EnorMOZ · February 5, 2020, 3:40pm

Added a github issues for tracking purpose. https://github.com/rclone/rclone/issues/3937

ncw · February 5, 2020, 5:42pm

I'm attempting to find a work-around for the excess seeking which kills performance.

I'll note that increased IOWAIT is to be expected when using async-read.
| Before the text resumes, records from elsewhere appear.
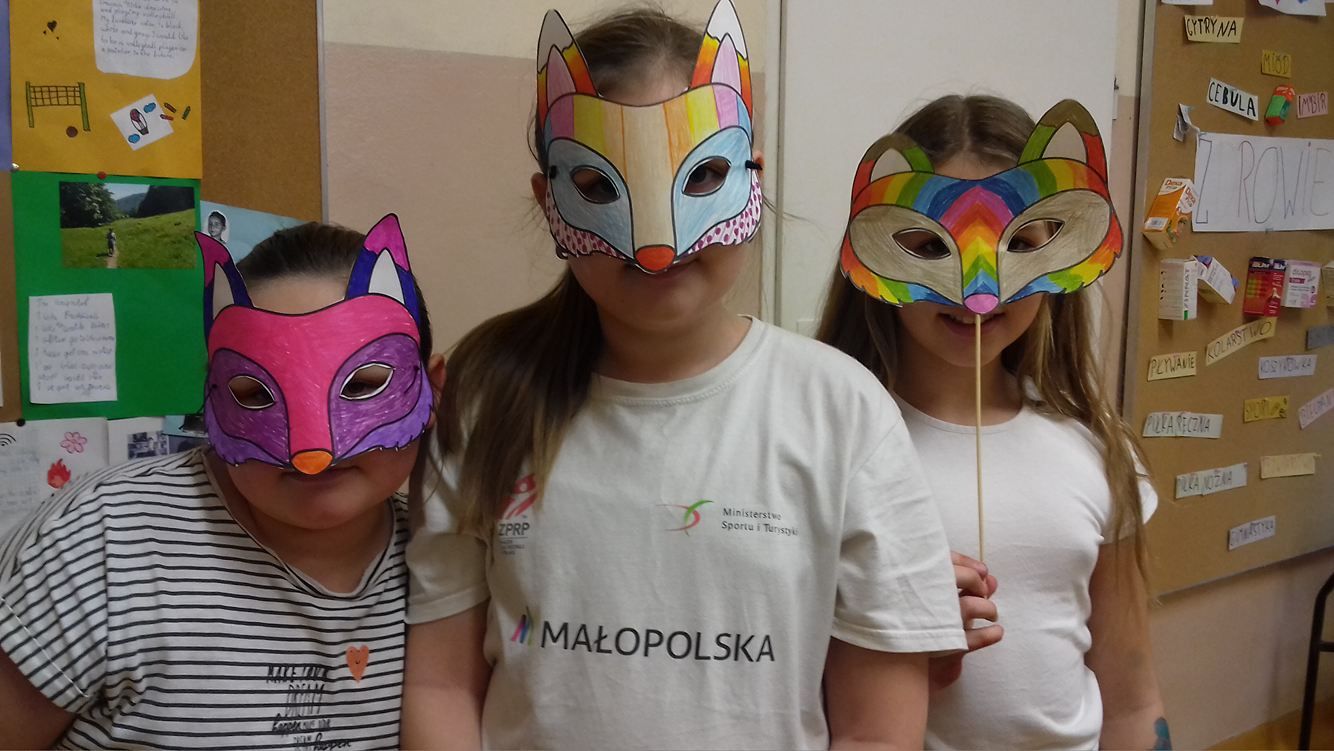 I LOVE ANIMALS ETwinning project by Nafsika Koulouri - Illustrated by I love animals partners - Ourboox.com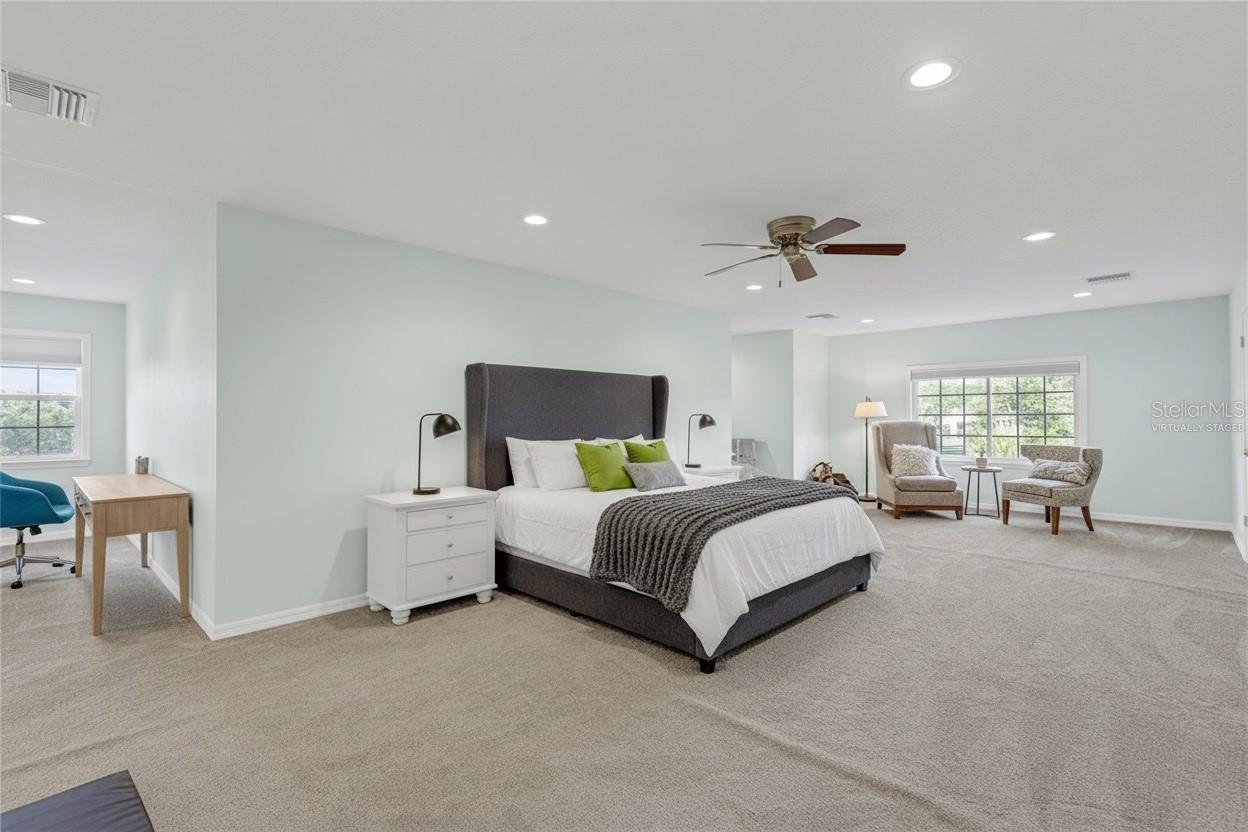 WEIRSDALE, Florida, 32195, United States, 5 Bedrooms Bedrooms, ,3 BathroomsBathrooms,Residential,For Sale,1979385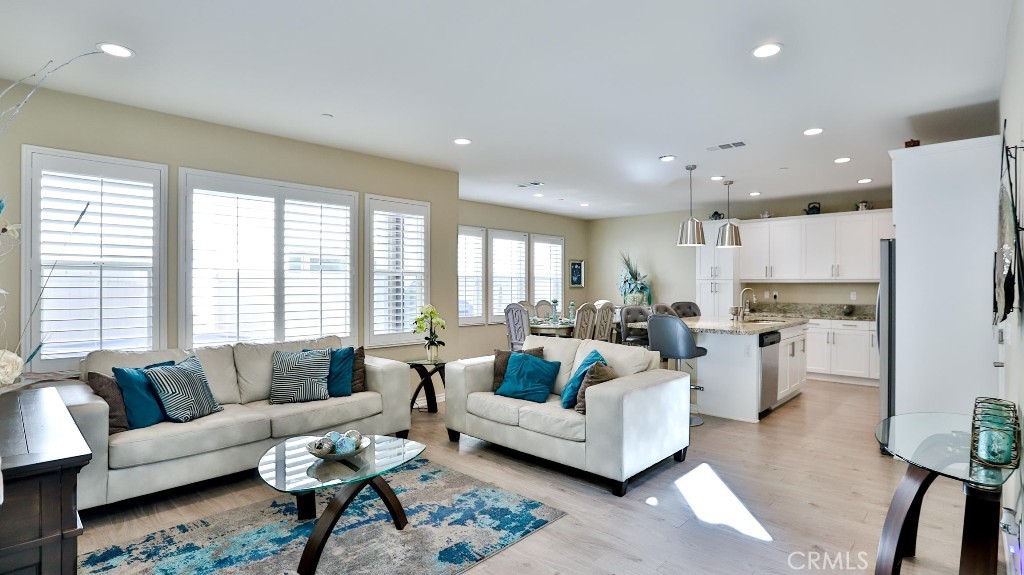 4693 Holly Property Photo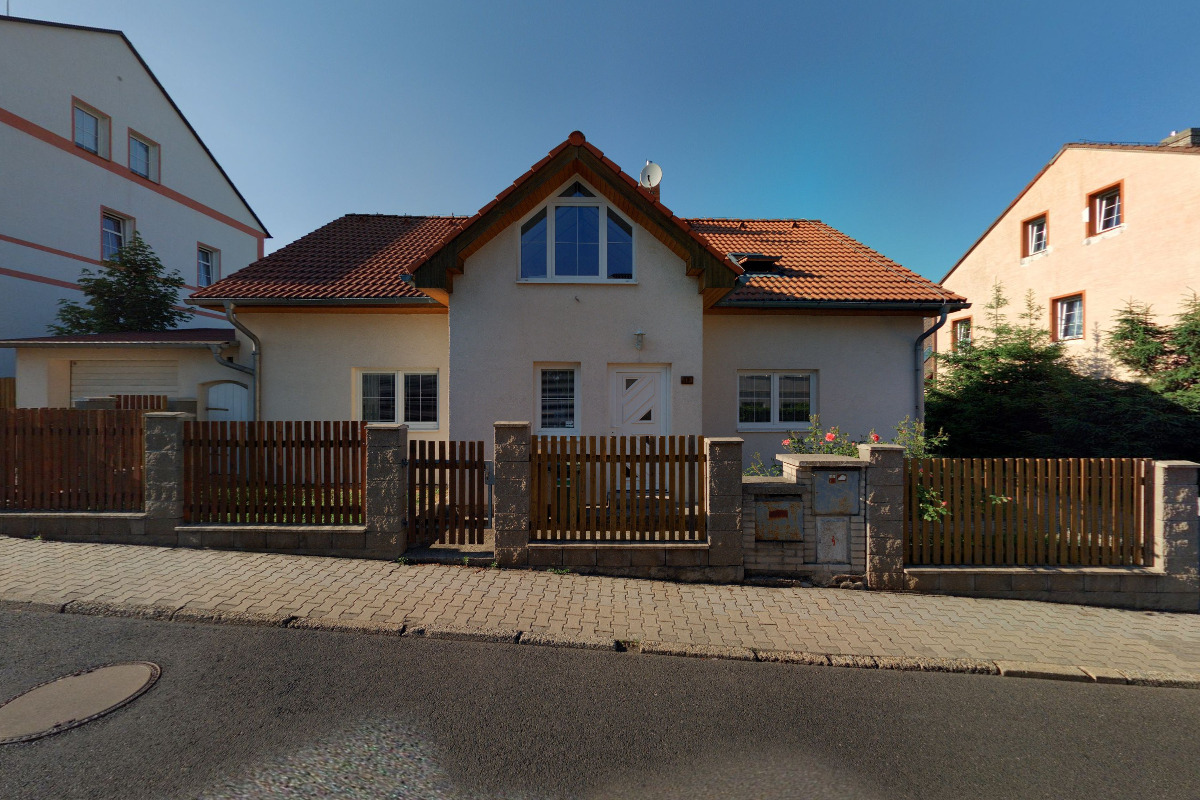 Simon Mills - lekce angličtiny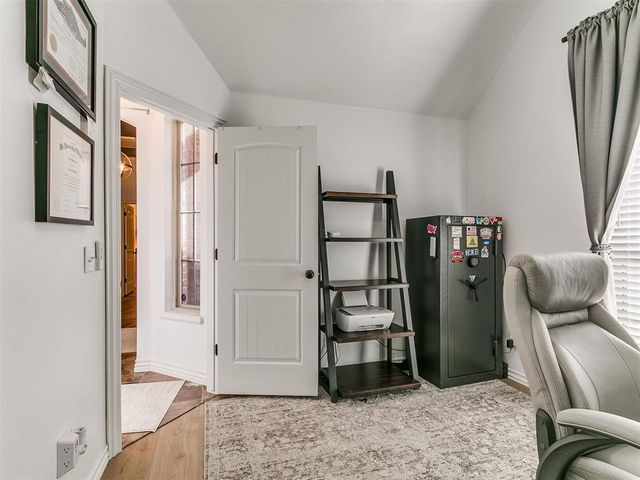 1320 Sonoma Lakes Boulevard, Moore, OK 73160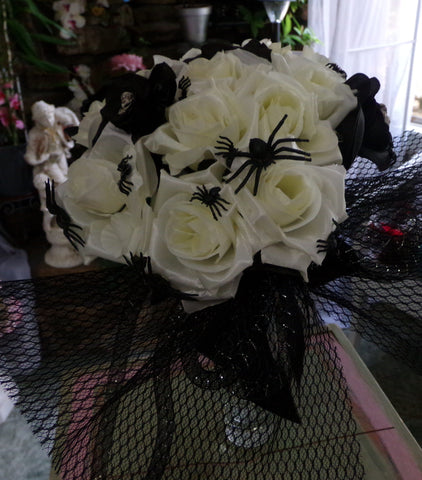 Bouquet - Macabre - Black & White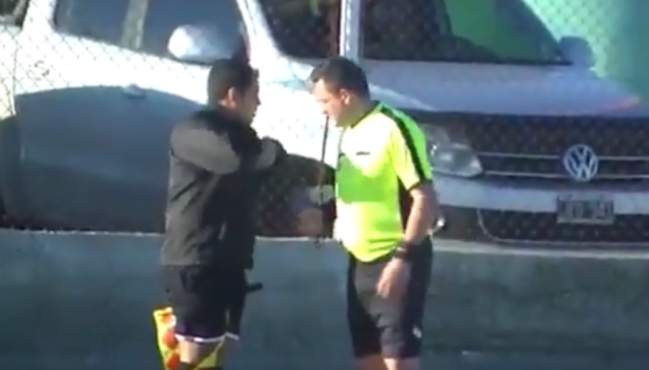 Arbitro no pudo con las ganas de ir al baño y tuvo que parar el partido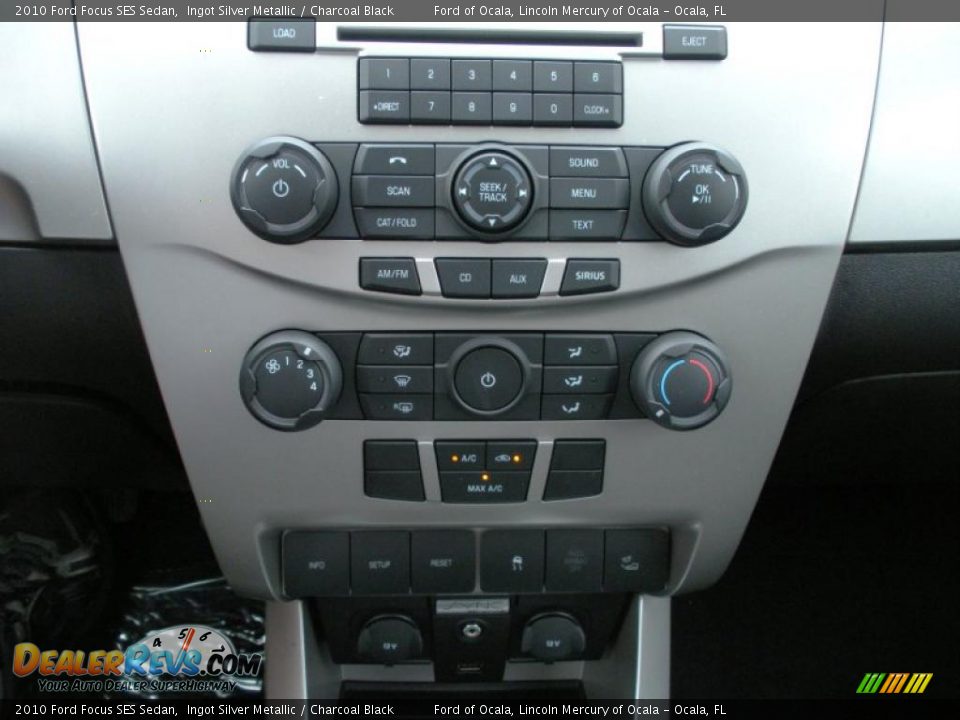 2010 Ford Focus SES Sedan Ingot Silver Metallic / Charcoal Black Photo #9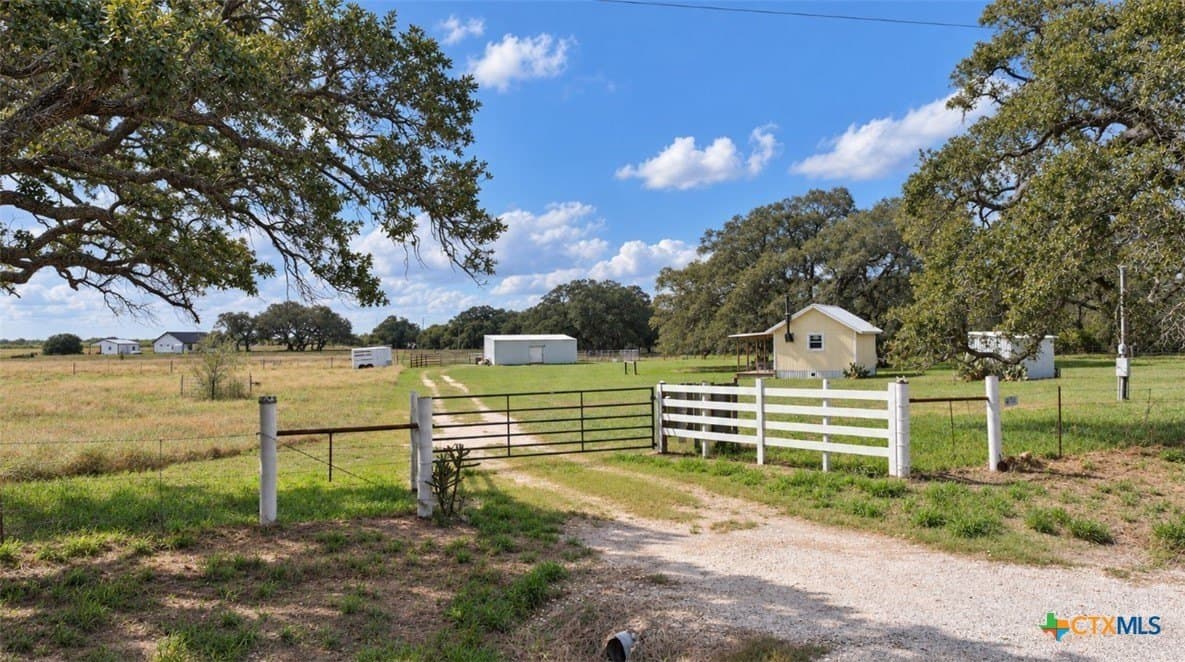 10.49 acres in Goliad County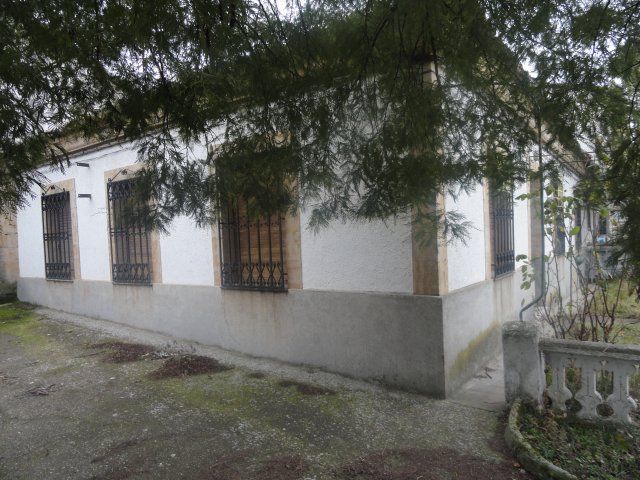 Casa con nave en venta en Villamayor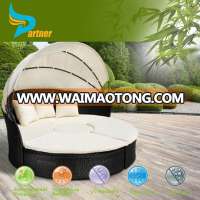 Partner Elegant Outdoor Round Rattan Daybed with Canopy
The kernel issues two or more read requests at once, but rclone can only satisfy one of them at a time as it is reading sequentially from the file, so the other, by definition has to wait. I don't think the IOWAIT should affect performance at all, but if rclone has to seek, when you see a "failed to wait for in-sequence read" message, that really kills performance. That is what I'm working on fixing!

EnorMOZ · February 7, 2020, 2:02pm

I get the increase in iowats but what I was seeing was a 20-30% increase even on an idle/very minimal activity mount. Will see if I can run some tests later when I can.

ncw · February 10, 2020, 4:32pm

I'm thinking about merging this to a point release.

I'd like to increase the wait time up from 5ms by default. I propose 20 ms but maybe that is too high/low - thoughts?

ferferga · February 27, 2020, 1:20pm

Why the --async-read flag is unknown in my rclone binary, even if I'm using latest beta?